Figure 19 – Click to exit the training of the extractor
- The final step is to apply the model to any chosen document libraries within SharePoint Online. To do this, return to the key actions page, and click on Apply model.
Select the required document library, then click Add. The Payslips model was now applied to my chosen document library. To open this document library, click on Go to the library.
You can immediately see that the document library shows some extra columns related to our newly applied document model. These include our extractor column of Paid Date and the Retention label column. The document model will automatically run against any new files added to this document library, or we can select files and then choose Classify and extract.
The result is that my payslips are all now shown with a Content-Type of Payslips, and extracted Paid Date value, a Retention label of Disposition Review Label, a Confidence Score, and a Classification Date (Figure 20).
Figure 20 Document model shown applied to document library with added columns
Our Document understanding model is set up, complete with some compliance in the form of retention labels, and an extractor applied which shows extracted information in a column in the document libraries to which our model is applied.
Summary
This post showed you how SharePoint Syntex could be used to create document understanding models in the SharePoint Syntex Content Center. We learned how to add, classify and train documents with SharePoint Syntex, how to extract information from the documents that you mark as positive examples, and how to apply a document model to a SharePoint document library.
In part three of this blog series, we look at how forms processing models may be created from SharePoint document libraries using the AI Builder feature of Microsoft PowerApps.
Watch on-demand: TEC Talk webcast on the Five Practical Uses of SharePoint Syntex
Mr. Rising,
I have a plethora of questions. It seems information on model training techniques is scarce.

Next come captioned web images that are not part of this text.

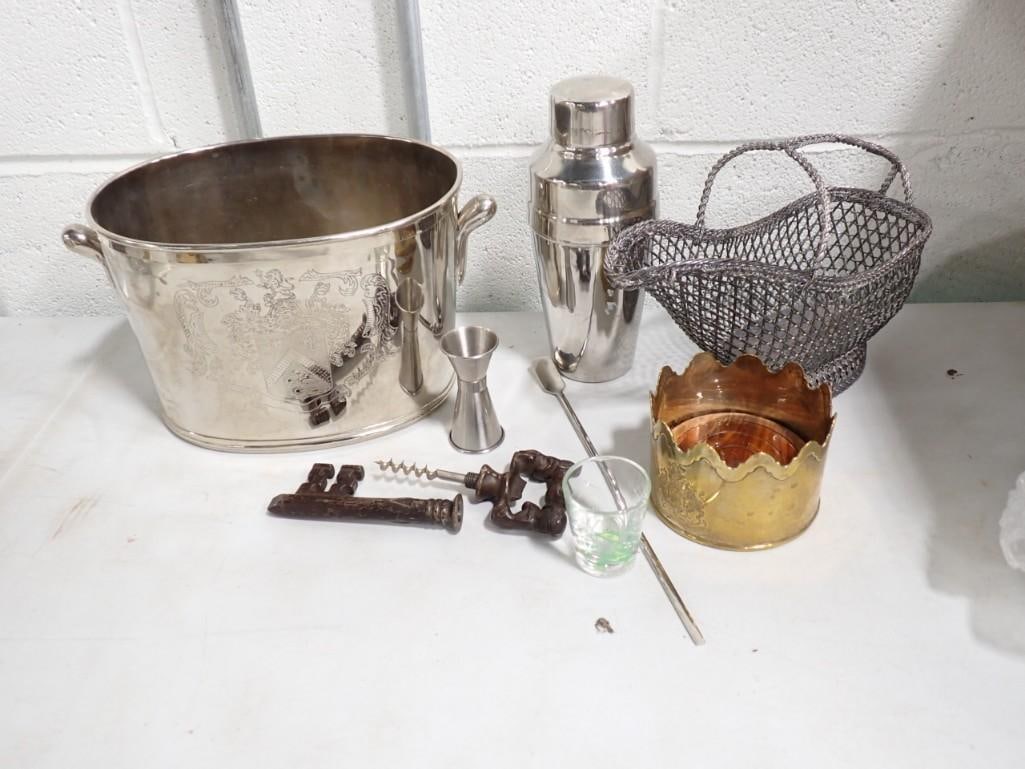 Lot of Bar Accessories incl Skeleton Key Form Metal Corkscrew, Oval Handled Metal Wine Cooler: Group of Bar Accessories including a skeleton key form metal corkscrew, an oval handled metal wine cooler with crest, a brass wine coaster with crest, a Pottery Barn cocktail shaker, a stainless steel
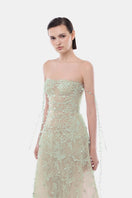 Mint floral string maxi dress by Montsand, flowing gown with delicate floral pattern and adjustable straps, perfect for summer occasions.
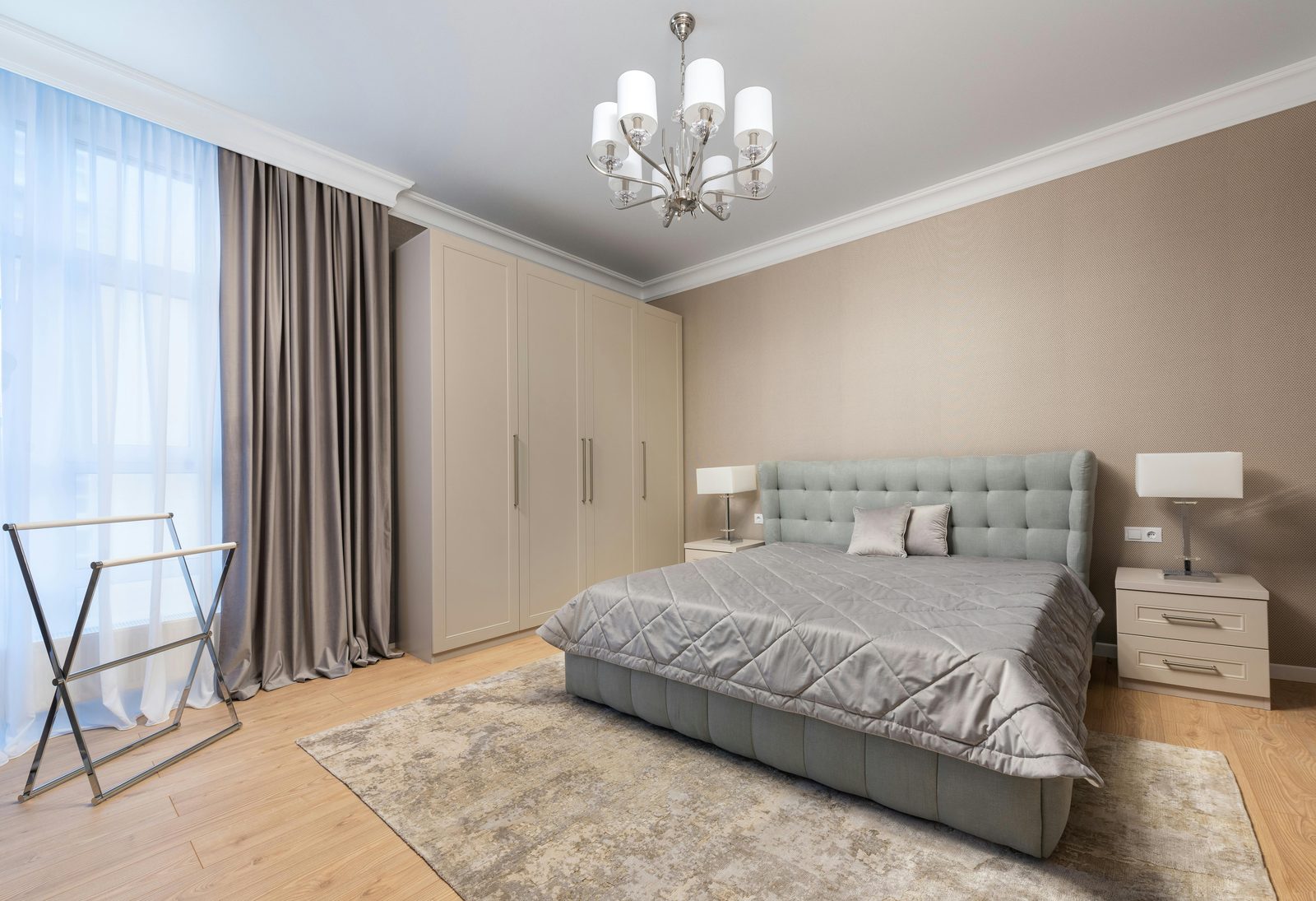 Calm neutral bedroom with full-height fitted wardrobes alongside the bed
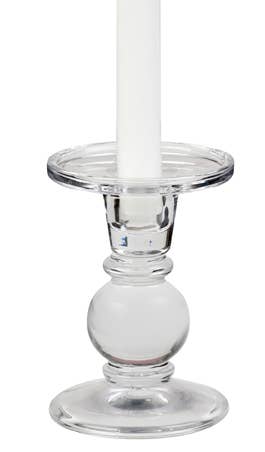 A glass dual-size candle holder (5") beautifully showcases a white taper candle, emitting a warm glow.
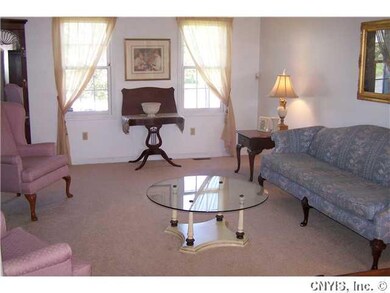 Living Room. Formal living room off two story foye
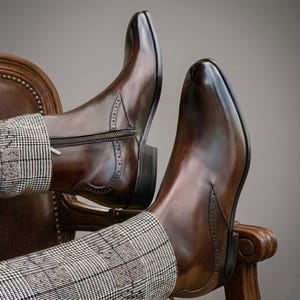 Puede incluir: Un par de botas de cuero marr&oacute;n pulido con punta cuadrada y cremallera lateral. Las botas tienen costuras decorativas y se usan con pantalones estampados. Las botas descansan sobre una silla de madera.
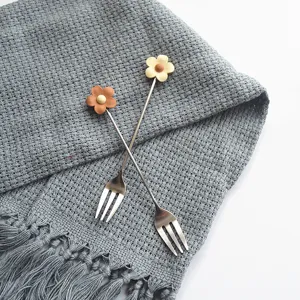 Detailed close-up shot of stainless steel fruit fork featuring cute flower handle design.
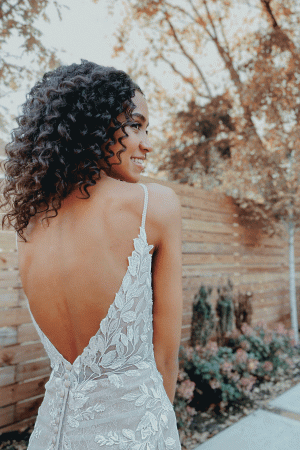 In the gentle embrace of April, a woman stands gracefully in a delicate lace dress with an open back. The wooden fencing and trees frame her elegance, echoing the exquisite design of the Stella York 7312 - April.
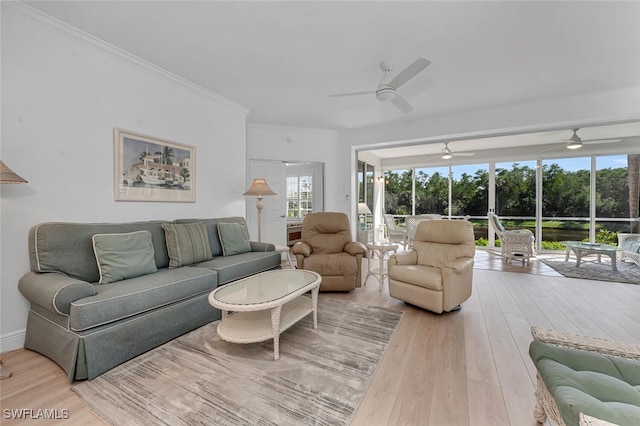 living room with light wood-style floors, a sunroom, and crown molding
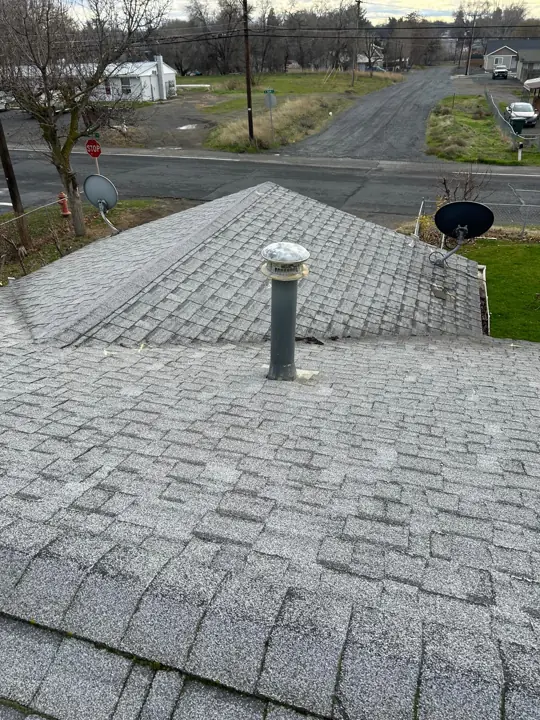 Aging gray shingle roof during inspection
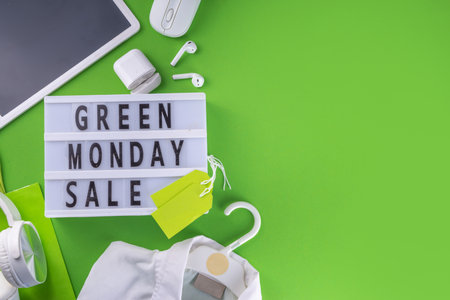 Green monday sale background with sale tags, clothes, laptop, headphones, smartphone, tablet, sale items on bright green background, flat lay top view copy spaceの写真素材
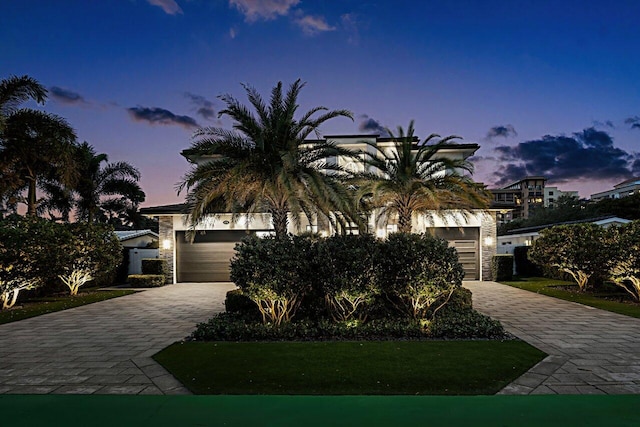 view of front of house featuring a garage, decorative driveway, and stone siding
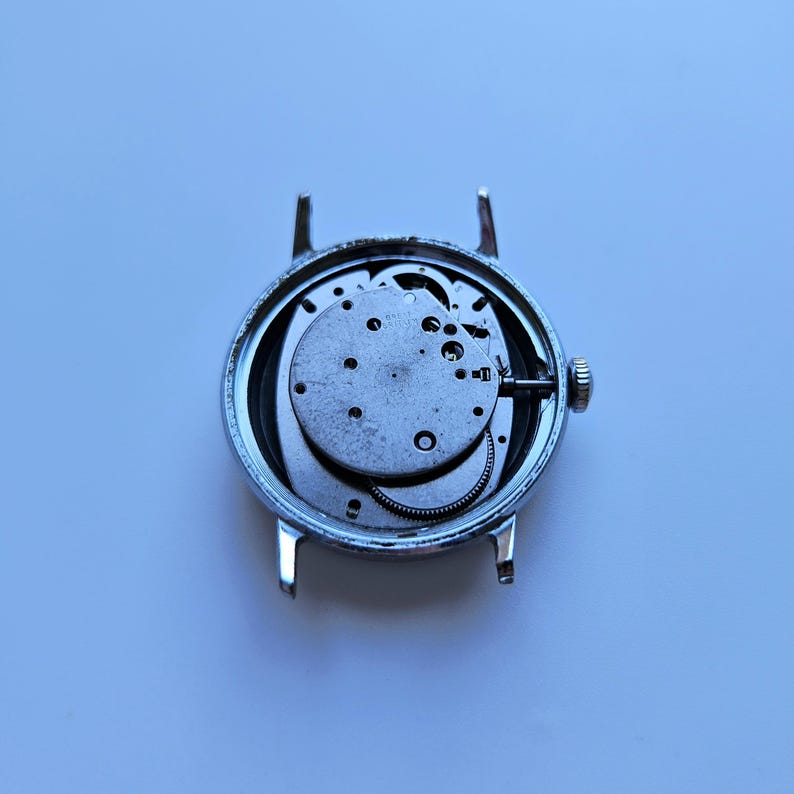 May include: A disassembled silver wristwatch with exposed internal gears and mechanisms. The watch face is missing, revealing the intricate workings of the timepiece. The watch has a silver casing and a small crown.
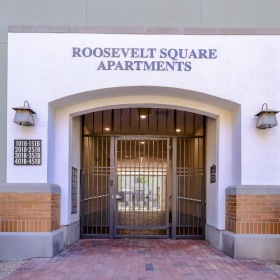a building with a large door and a large arched doorway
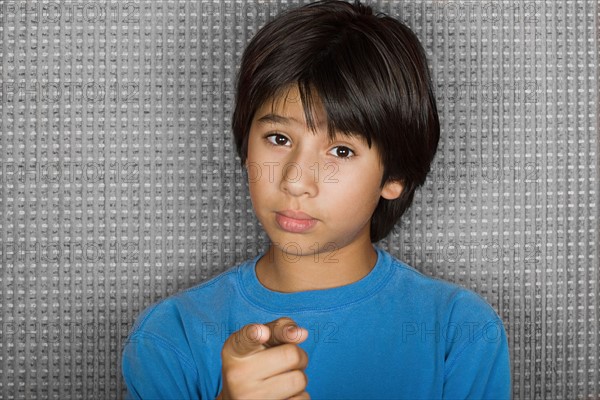 Studio portrait of young man pointing at camera. Photo : Rob Lewine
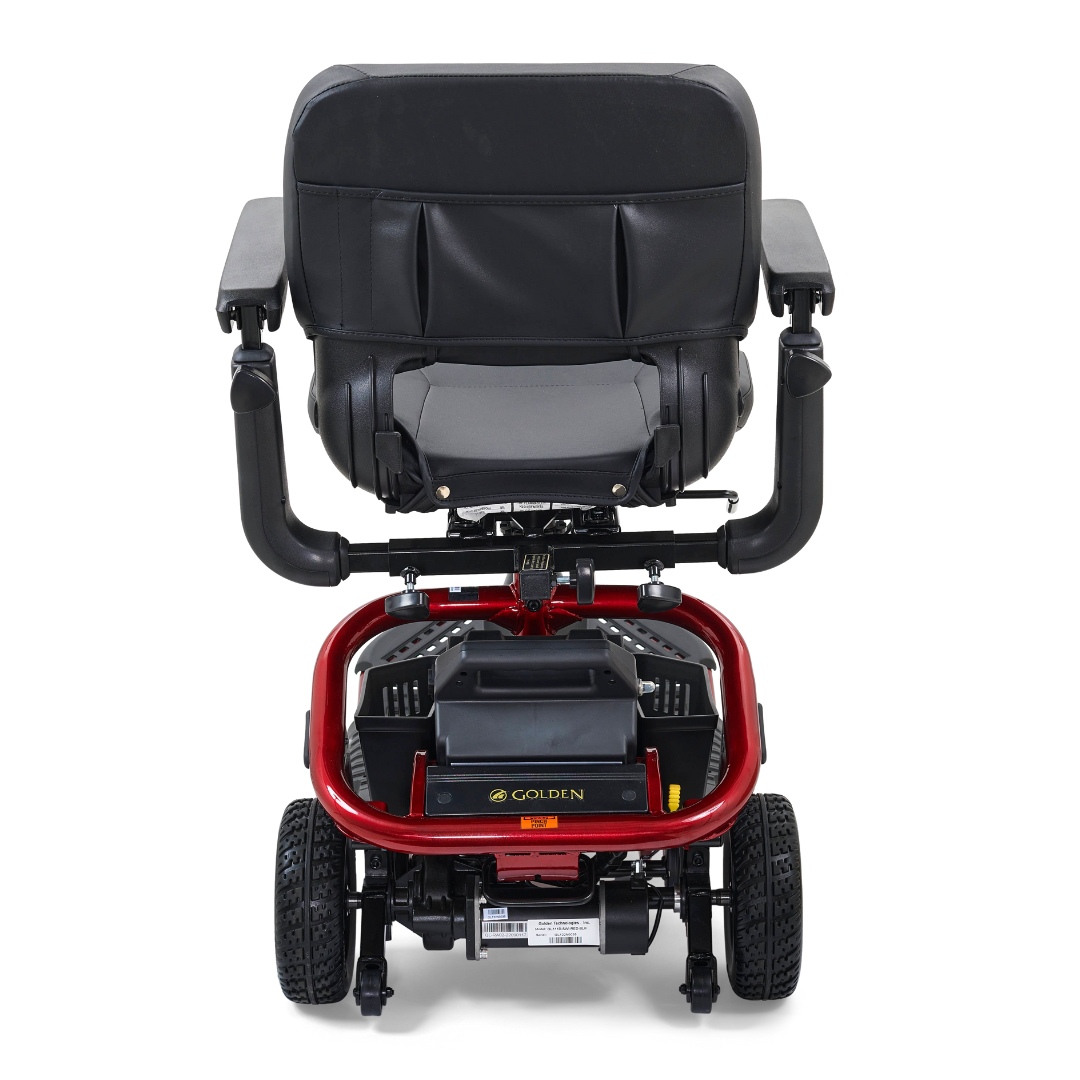 A red and black Golden Tech GL111 LiteRider 3-Wheel Mobility Scooter is shown from the back, featuring a cushioned seat with armrests. The Golden brand name is visible on the base, highlighting its sleek and comfortable ride.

I’d be grateful for any direction you can provide in the way of resources for learning more advanced model training techniques, tips-and-tricks, etc.
Hello Peter,
If we need to do a multiclass document classification do we need to create multiple models and apply it to the same library ? As I understand it a DU model here is doing a binary classification only ?
Hi Peter, your blog is really good.
I wanted to know if you used the checkbox explanation template. I was trying to use it but I couldn’t capture the value (true/false) from checkbox.
Andres,
It looks like the checkbox explanation template only works if the result of the checkbox is an “X” or some variation. I also don’t see a way to get it to work where the checkbox value is from a PDF form where the true value is a solid box for example (as opposed to some text value). Anyone else get this to work?
Yes you can load different file types, it doesn’t have to be PDF’s. It can be word docs, excel sheets etc.
Hi, in you example, you have labeled files with positive and negative examples. In both situation you have uploaded *.pdf files. Can we upload at the same time two or more type of different files, like instance *.pdf and *.eml files?